Compilation album by various artists
- Released: November 14, 2000
- Length: 71:24
- Label: Sony

Series chronology
| Now That's What I Call Music! 4 (2000) | Now That's What I Call Music! 5 (2000) | Now That's What I Call Music! 6 (2001) |

= Now That's What I Call Music! 5 (American series) =

Now That's What I Call Music! 5 is the fifth edition of the Now! series released in the United States.

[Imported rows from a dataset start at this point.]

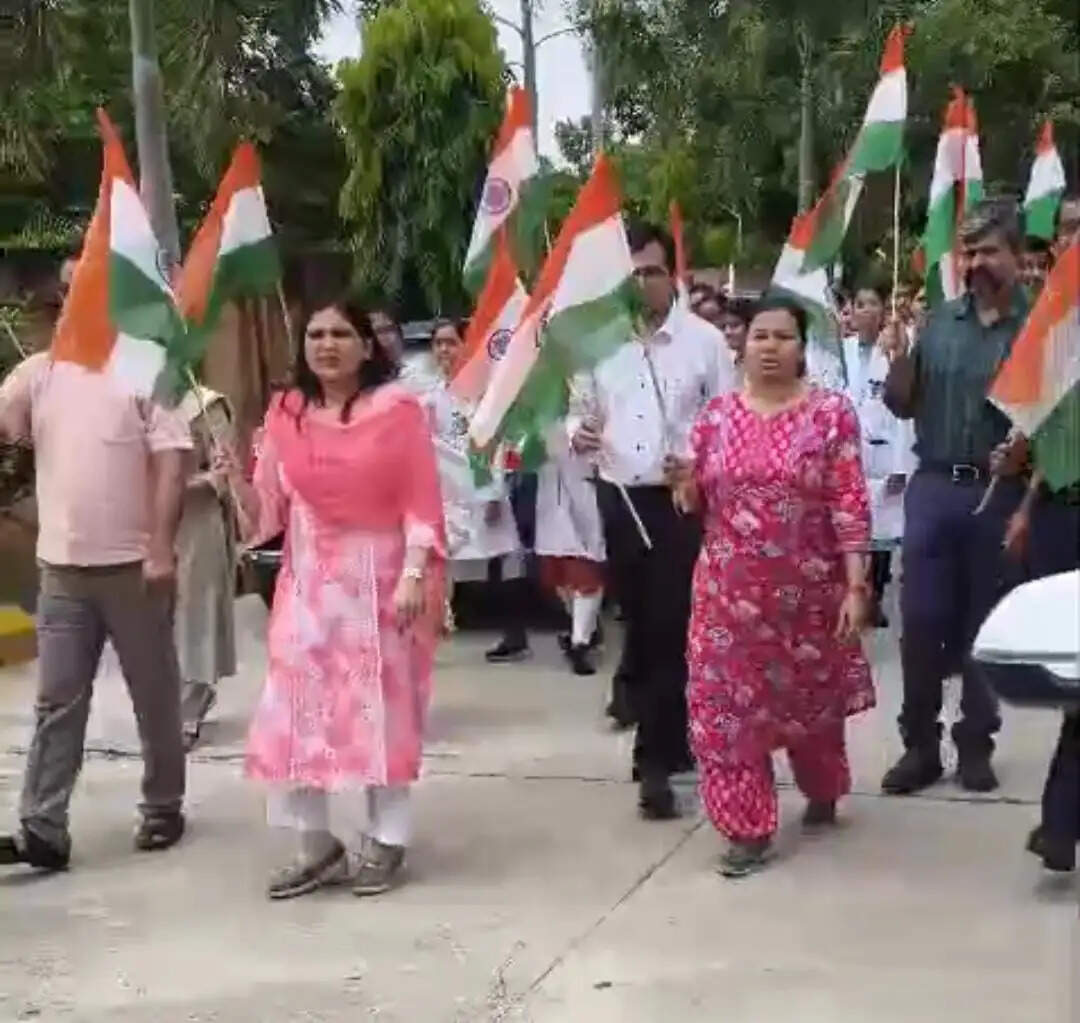 देवरिया : मेडिकल कॉलेज में निकली भव्य तिरंगा रैली, गूंजे भारत माता की जय के नारे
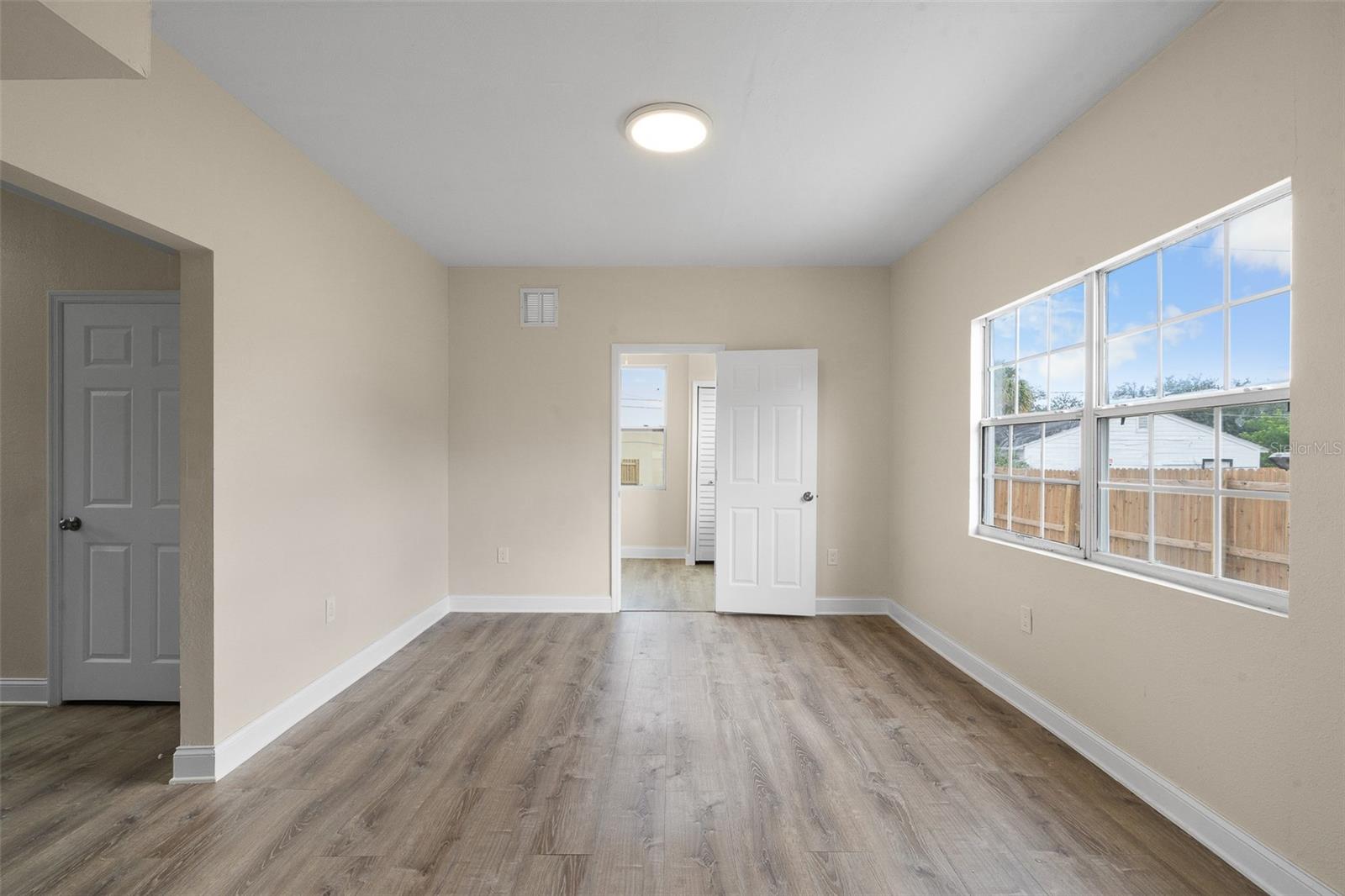 Image 13 of 46 For 1739 19th Avenue S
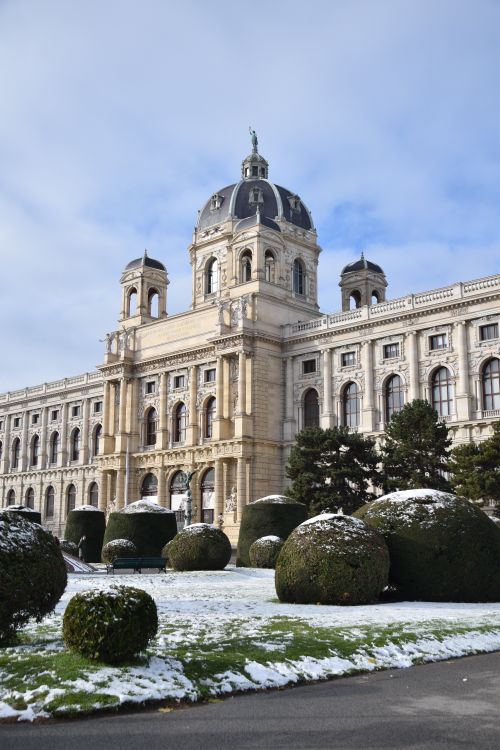 Free Snow-covered landscape outside the Kunsthistorisches Museum in Vienna, Austria. Stock Photo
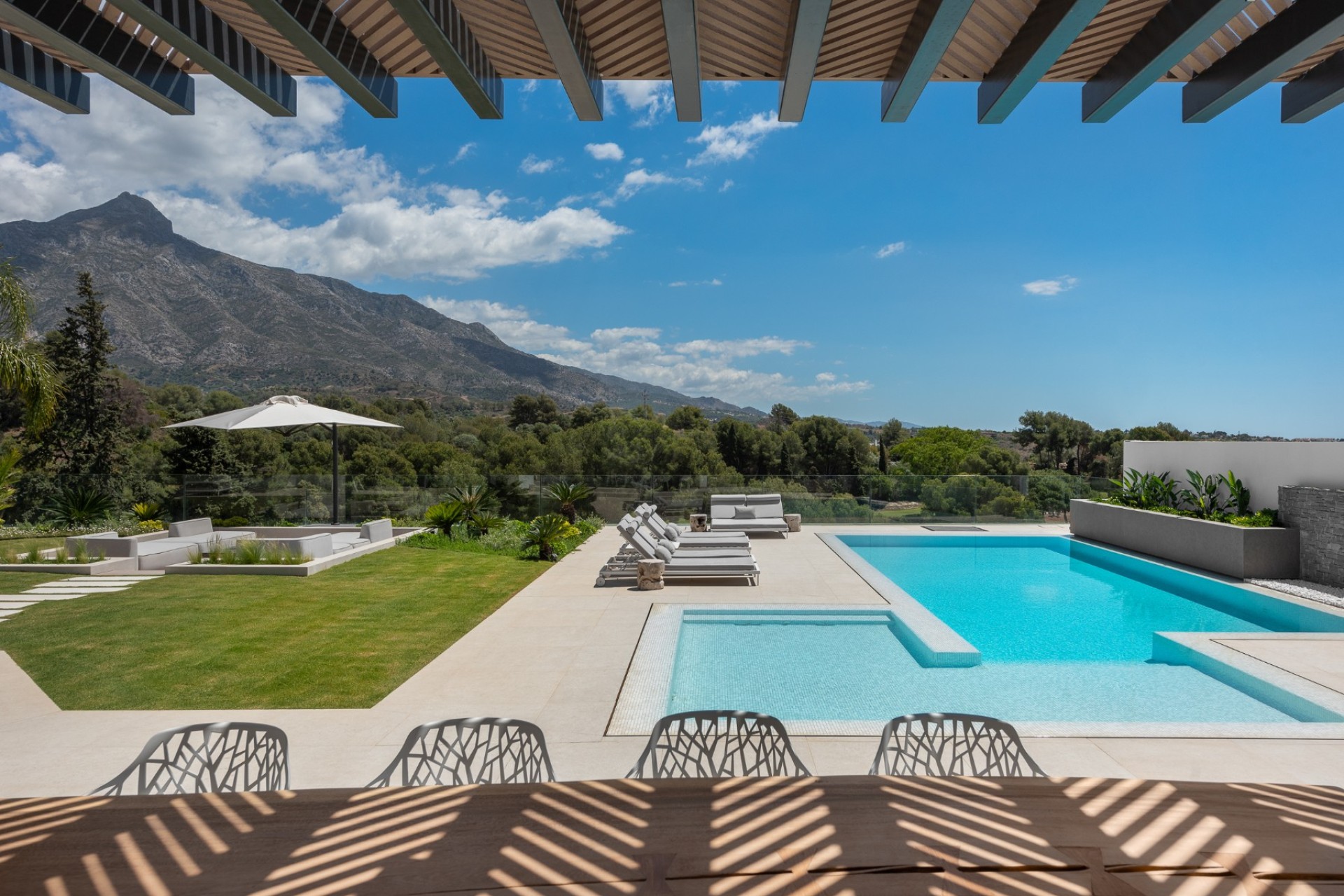 Revente - Villa - Marbella - Nueva Andalucía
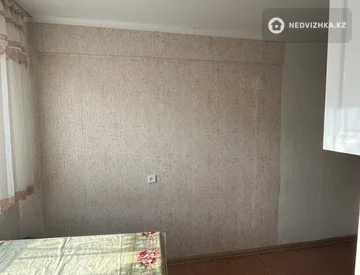 2-комнатная квартира, этаж 2 из 5, 52 м², миниатюра 6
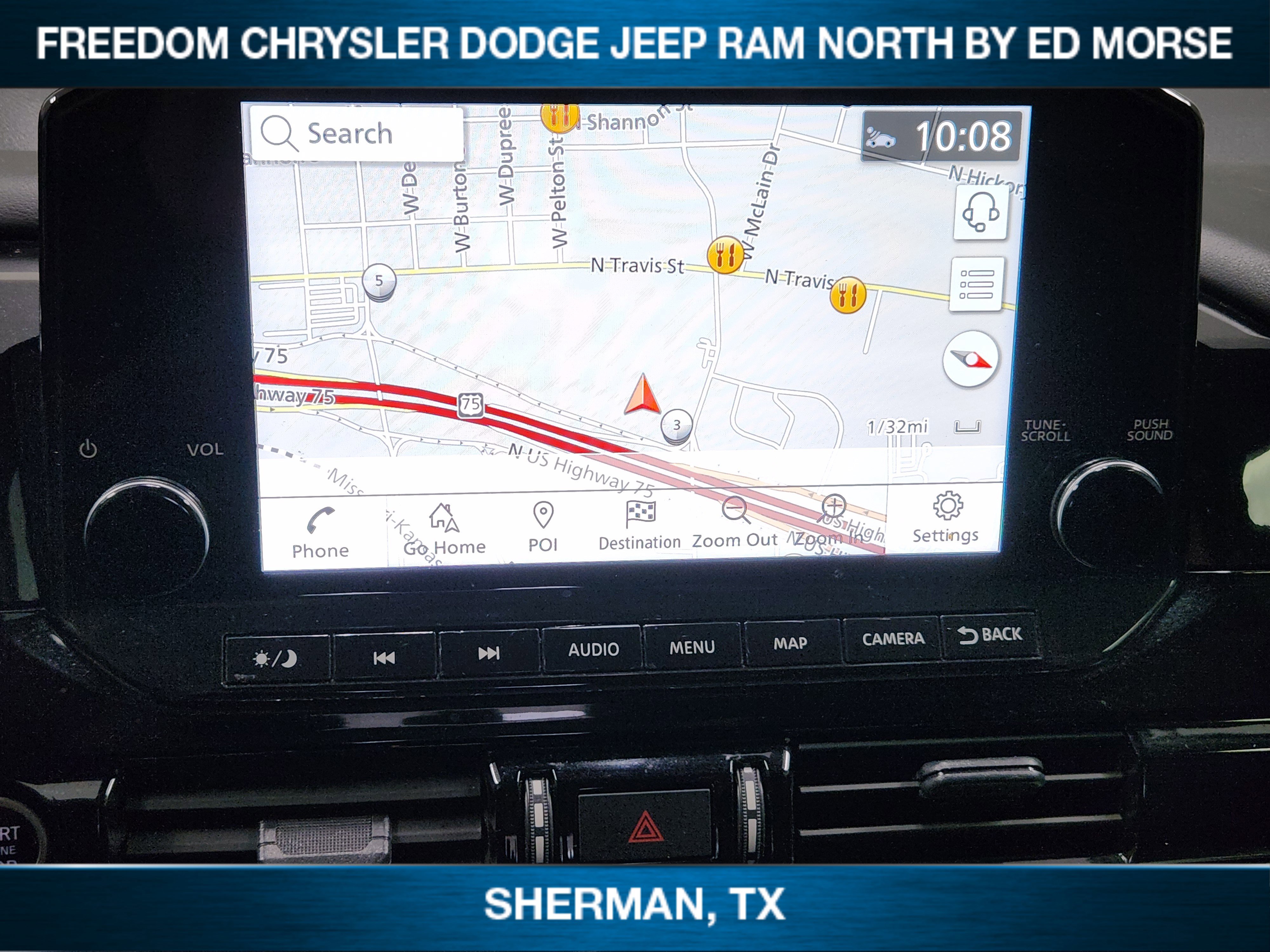 Used 2023 Nissan Pathfinder SL w/ Black Appearance Package FWD image 12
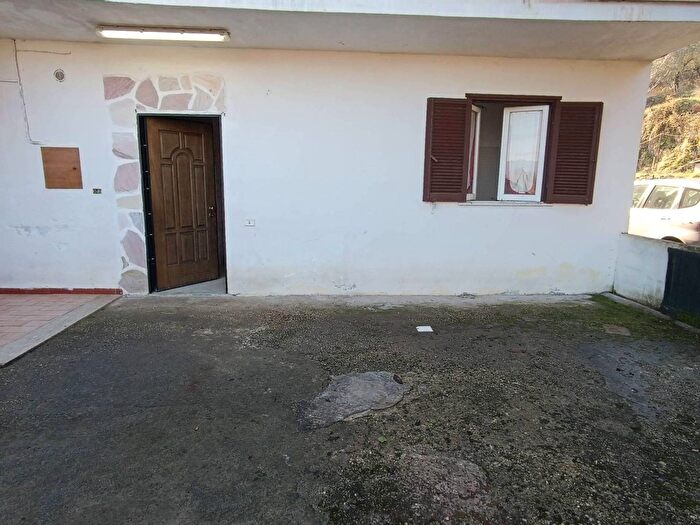 Appartamento trilocale in vendita in Contrada Pozzotello, Castro Dei Volsci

It was released on November 14, 2000, peaked at number two on the Billboard 200 and certified 4× Platinum by the RIAA, to date the only non-Christmas album in the U.S. series to achieve that status.

==Reception==

AllMusic's Stephen Thomas Erlewine declares Now! 5 is "a Polaroid of the summer of 2000" and while pop music in general paled in comparison to the pop successes of the previous year, this volume "proves that it was a pretty good year after all." He calls "Aaron's Party (Come and Get It)" an embarrassing inclusion but maintains Now! 5 is "one of the better volumes in the American series."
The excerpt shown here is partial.